Ensconced in a small cottage near Malcolm’s Cape Cod home, Em slowly builds the courage to interview Malcolm the way Teddy would have. She finds Malcolm at once friendlier, more intimidating, and much sexier than she had imagined. But Em soon starts hearing whispers of skeletons in the Malcolm family closet. And then the police begin looking into the accident that killed Teddy, and Em’s control on her life—tenuous at best—is threatened.
The Perfect Ghost is my first experience reading anything by Linda Barnes, so I have no idea what her normal mystery stories involve. However, whether you’re familiar with her writing or not, I wouldn’t recommend going into this book looking for a blatant mystery novel. Until about mid-way through the novel, I was not even conscious of the mystery element at all.
Regardless, I enjoyed the novel and found it to be a rather quick read. When I initially picked it up, I swear I blinked and had already read thirty pages. That said, the writing style was strange at first – which is in the format of Em’s inner dialogue, being told as though she is talking to her former friend and co-worker Teddy, the dead man that is a catalyst for Em’s predicament and the overarching mystery. However, it was an easy transition and, by the end of the first chapter, it seemed natural.

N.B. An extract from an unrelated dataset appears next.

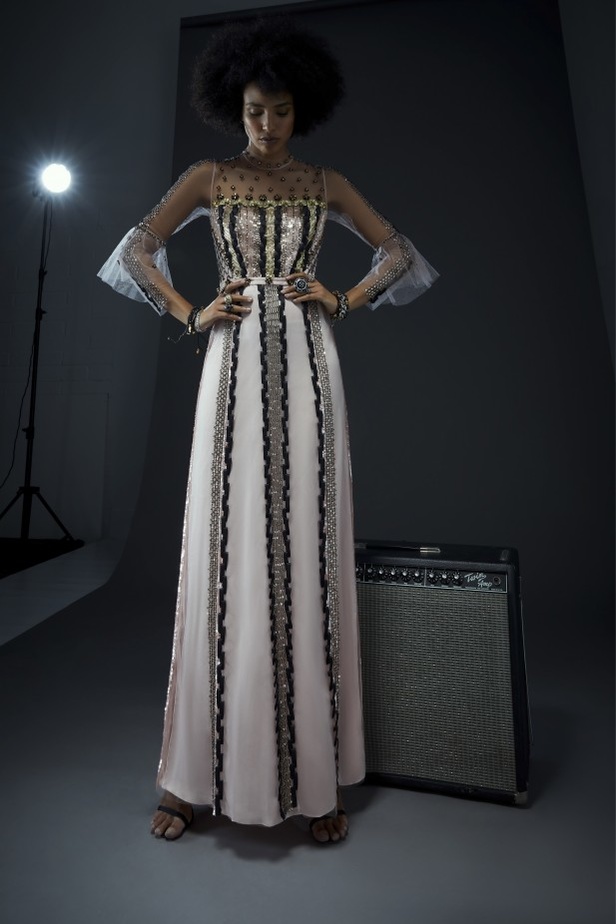 عرض أزياء Temperley London لخريف وشتاء 2022-2021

For her part, Em Moore, the main character, is supposedly severely shy and timid, but other than her self-descriptions informing us of that timidity, it’s not something that we see from her interactions. From the first chapter, she asserts herself to get what she wants – belying the “timid” persona we’re expected to buy into. Of course, as everything begins to fall into place, much of her strange personality begins to make sense for the story.
In all, The Perfect Ghost is a great read with a surprising twist, and if you’re looking for a good book to take along on a beach trip this summer, I recommend giving this one a shot.